In part, this disconnect results from the unique characteristics of the research environment which impact the choice of software engineering practices. Those characteristics include:
  • Exploration of unknown science implies that many requirements (beyond the laws of nature) cannot be known \textit{a priori} and must emerge throughout development.
  • Investigation of new scientific results implies that the software's expected output is sometimes unknown, making test oracle definition difficult or impossible. As a result, traditional software testing approaches are problematic.
  • Different project lifecycles ranging from the ''lone researcher'', where a single scientist develops software to test a hypothesis and then discards the software to those that last ten years or more, run on complex parallel systems, and remain in constant development throughout their lifetime.
  • Many scientific software developers are experts, often with a PhD, in the underlying scientific domain, but have little formal training in software engineering methods, tools and techniques. It is not uncommon for a single scientist to take on the role of software developer and rely solely on the internet to acquire relevant software development knowledge.

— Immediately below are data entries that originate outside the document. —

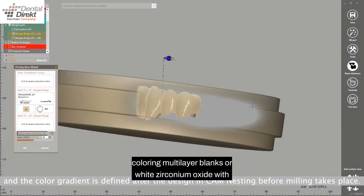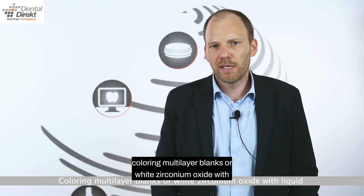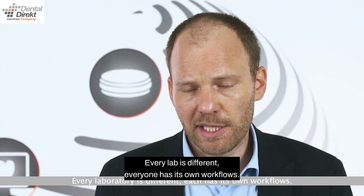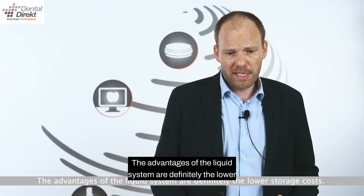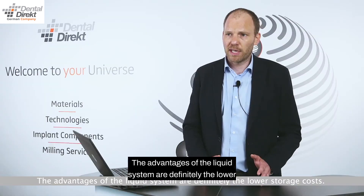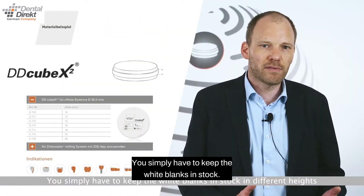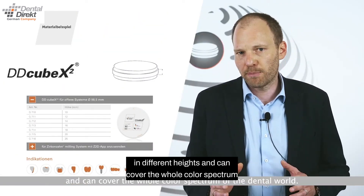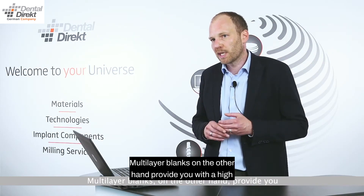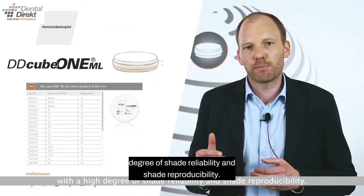Coloring multilayer blanks or white zirconium oxide with liquid is a question we cannot answer in general — every lab is different and everyone has their own workflows. The advantages of the liquid system are definitely the lower storage costs; you simply keep white blanks in stock in different heights and can cover the whole color spectrum of the dental world. Multilayer blanks, on the other hand, provide a high degree of shade reliability and shade reproducibility.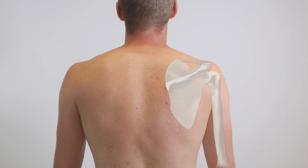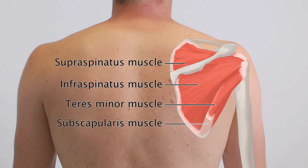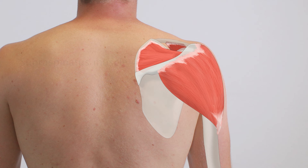The shoulder joint is stabilized primarily through the surrounding rotator cuff muscles, since it lacks strong ligaments. The supraspinatus muscle is one of the four muscles that form the rotator cuff. Together with the deltoid muscle, its main function is abduction of the shoulder.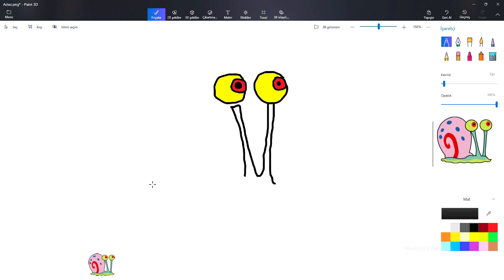Hickory dickory dock, the bird looked at the clock. The clock jumped too, away she flew. Dickory dickory duck. Tick tock, tick tock.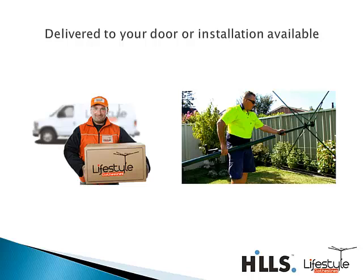If you need installation of this product, we have that service available in most major capital cities right around Australia and the surrounding suburbs. If you're not sure, just give us a call, send us an email, or use our online live chat and we can let you know whether we cover your area for installation.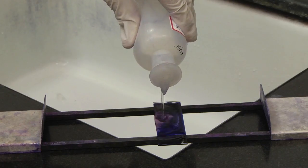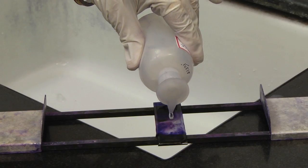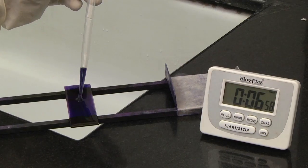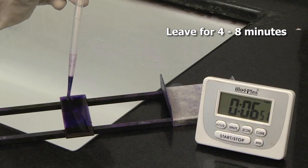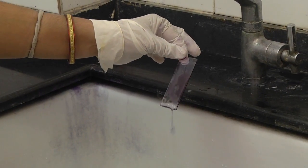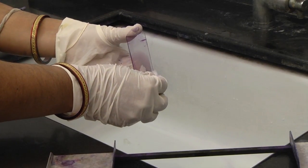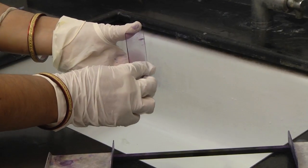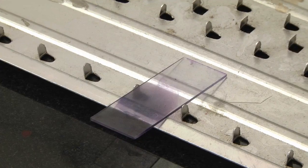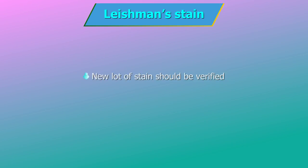Then add 12–15 drops of buffered distilled water using a disposable dropper. Mix thoroughly. Leave for 4–8 minutes. Then wash off with clean water. Wipe the back of the slide with clean cotton to prevent stain deposits which can hamper the reading of the slide.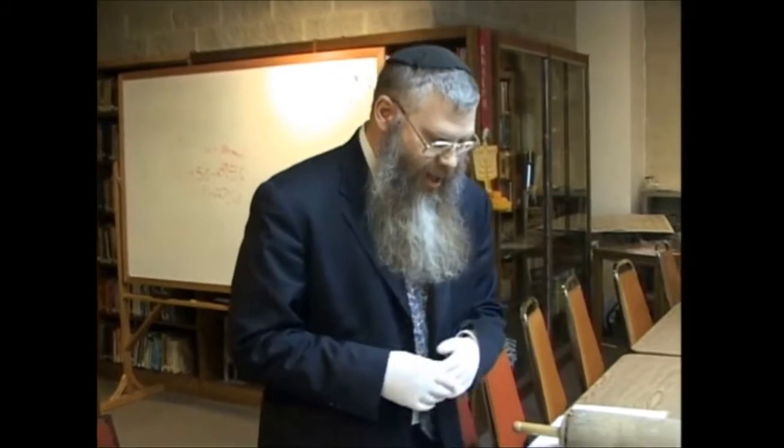Today, almost all Sefer Torah are written on what we call klaf, which is translated as parchment. It is several of the layers of skin. We know from biology that there are multiple layers of skin, both in the human being and in the animal. When you process the hide and make a parchment out of it, you can use different layers of skin or all of the layers of the skin. Nowadays, we make a relatively thin parchment in general, and that is called klaf.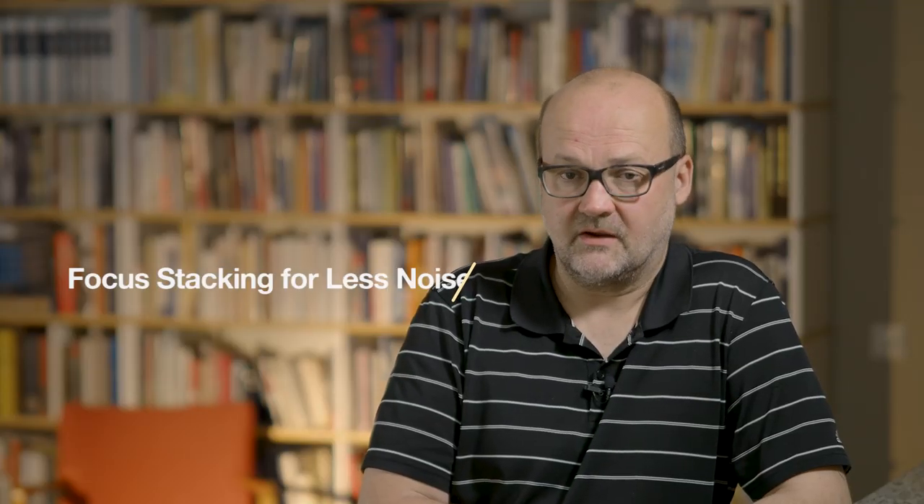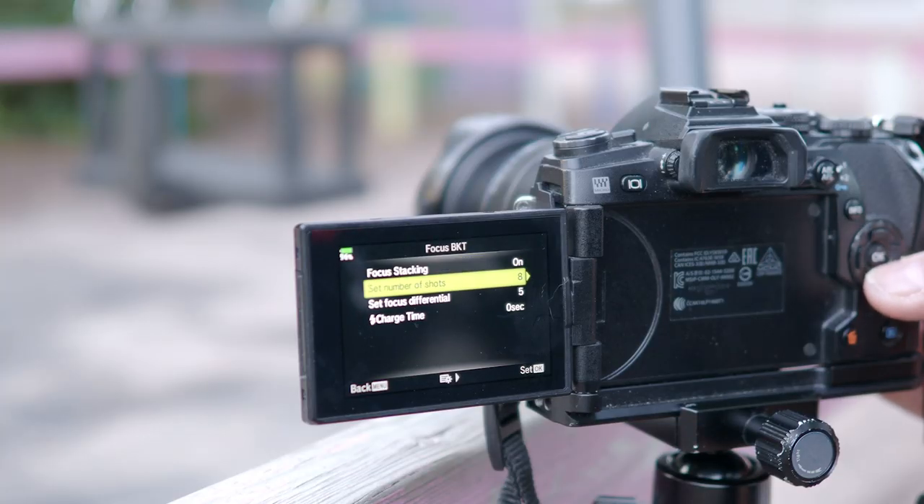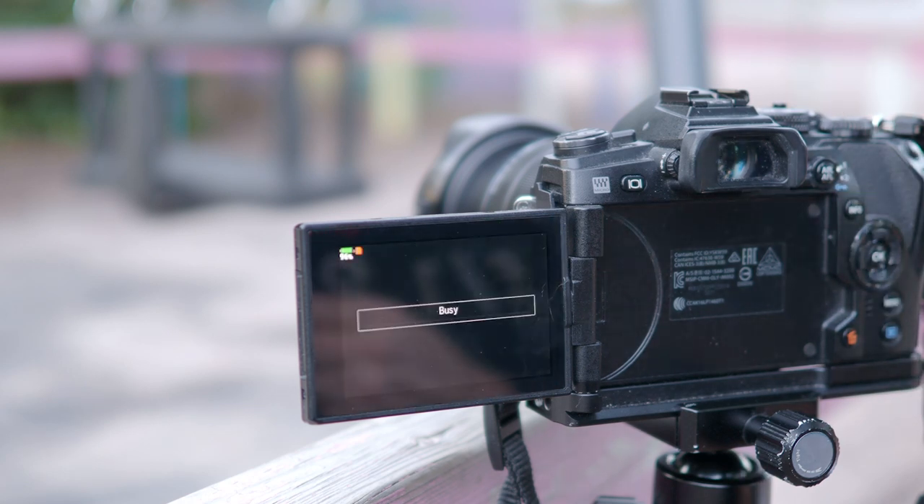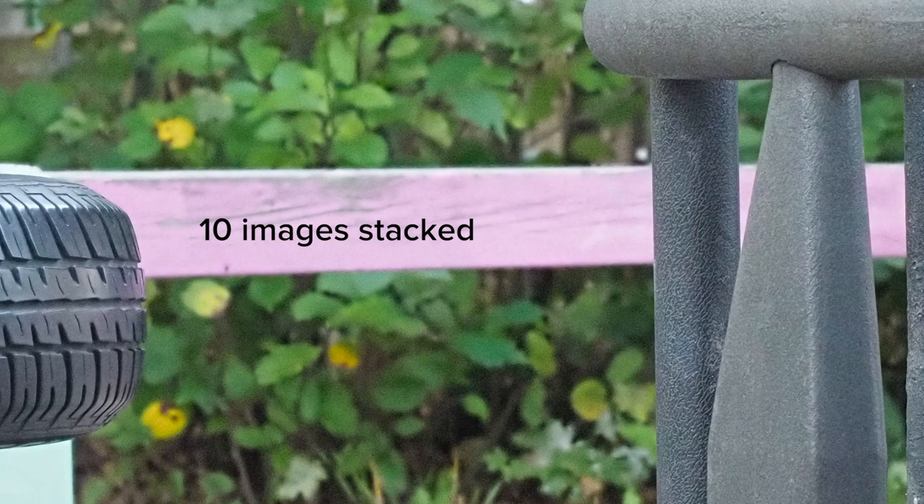There is also focus stacking, which works on only select Olympus cameras and with only certain lenses — so it's not for everyone. You turn on bracketing and focus stacking, and the camera stacks all the images automatically, giving you much less noise than a single shot. However, it only works with certain Olympus camera and lens combinations. Also, the stacked output is a JPEG, so if you need a lot of post-processing on a landscape image, this is not the way — but it's an option worth trying in some cases. All these special methods are worth exploring to see what works for you.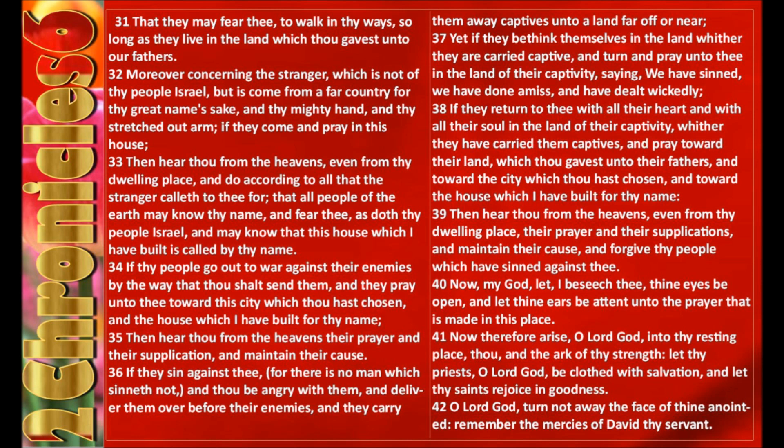Now, my God, I beseech thee, let thine eyes be open and let thine ears be attent unto the prayer that is made in this place. Now therefore, arise, O Lord God, into thy resting place, thou and the ark of thy strength. Let thy priests, O Lord God, be clothed with salvation and let thy saints rejoice in goodness. O Lord God, turn not away the face of thine anointed. Remember the mercies of David thy servant.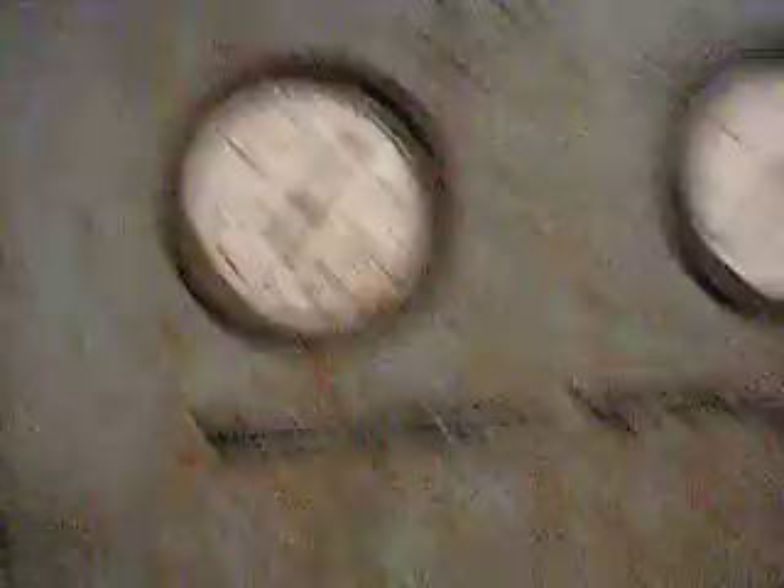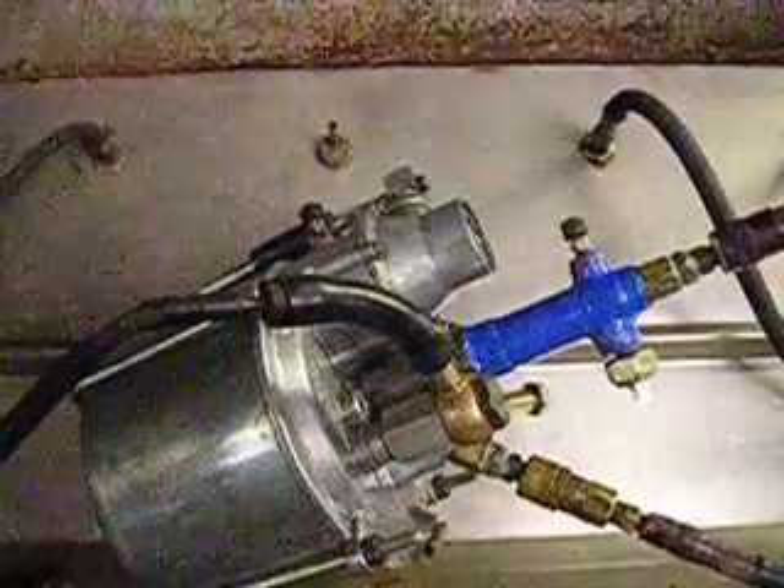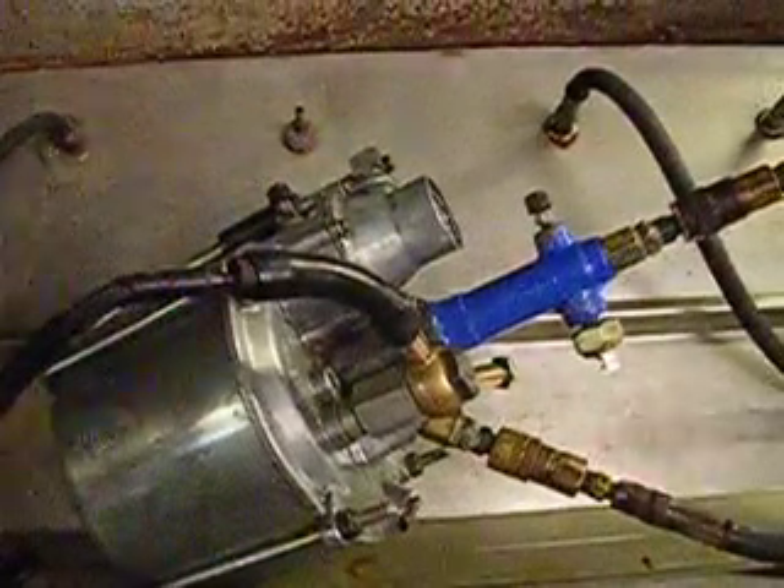I think the booster works okay. It doesn't have any vacuum leak in it. It feels back good.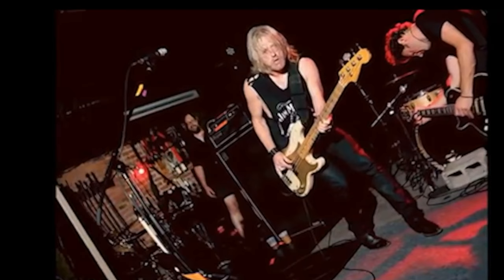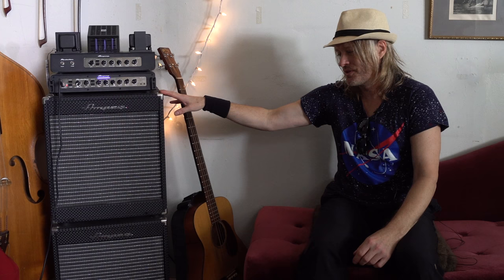My main rig on stage is the SVT Classic. There are six of them up there, so that should cover it pretty good with Ace Frehley. With Owl I might use a smaller rig, like the Portaflex series, which is just amazing.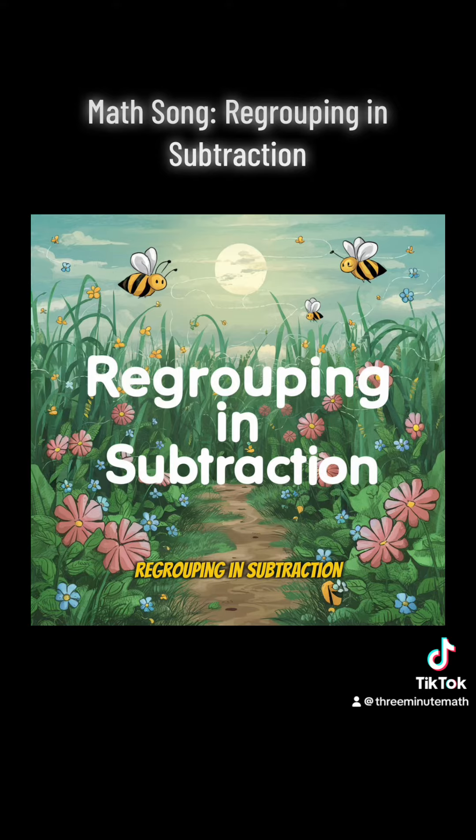Regrouping in subtraction, stay focused, no distractions. This can get tricky indeed. The number on top is less, no need to fuss or stress. There is a process to help you out.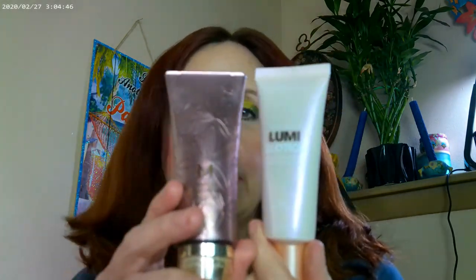As far as my base, I went ahead and used the Missha BB Complete in shade 21 — you can get this on Amazon. The ones in the purple container are for combination to oily skin. I mixed it with some of the Lumi Glow Lotion, so that's what I have on as a base.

  • The business driver is generally the publication of a paper, not the production of software.
  • The need for better, trustworthy data associated with the use of software engineering practices in the research software domain.
  • The need to identify appropriate educational topics for current and future developers of scientific software.
Thus the motivation for this workshop is to bring the communities together, to jointly work on research that will benefit both, and to provide examples of high quality research and datasets that will improve practice in the field.


Most conference and journal venues are either software engineering-focused or domain-focused (i.e. computational chemistry or computational hydrology), but rarely on the intersection of those domains. Specifically, within the scientific software community, there are few places to publish results related to the unique software engineering challenges faced by scientific software developers. The goals of this workshop are to:
  • Provide a venue for members of the software engineering and research software communities to discuss issues relevant of common interest.
  • Identify aspects of software engineering that should be considered for research software education programs at large.
  • Identify key areas of study where participants agree there is a lack of existing data or studies.
  • Support the building of a common research agenda to address the complex software development issues typical of research software.
  • Provide a venue for sharing early work and work-in-progress to obtain feedback from the wider community.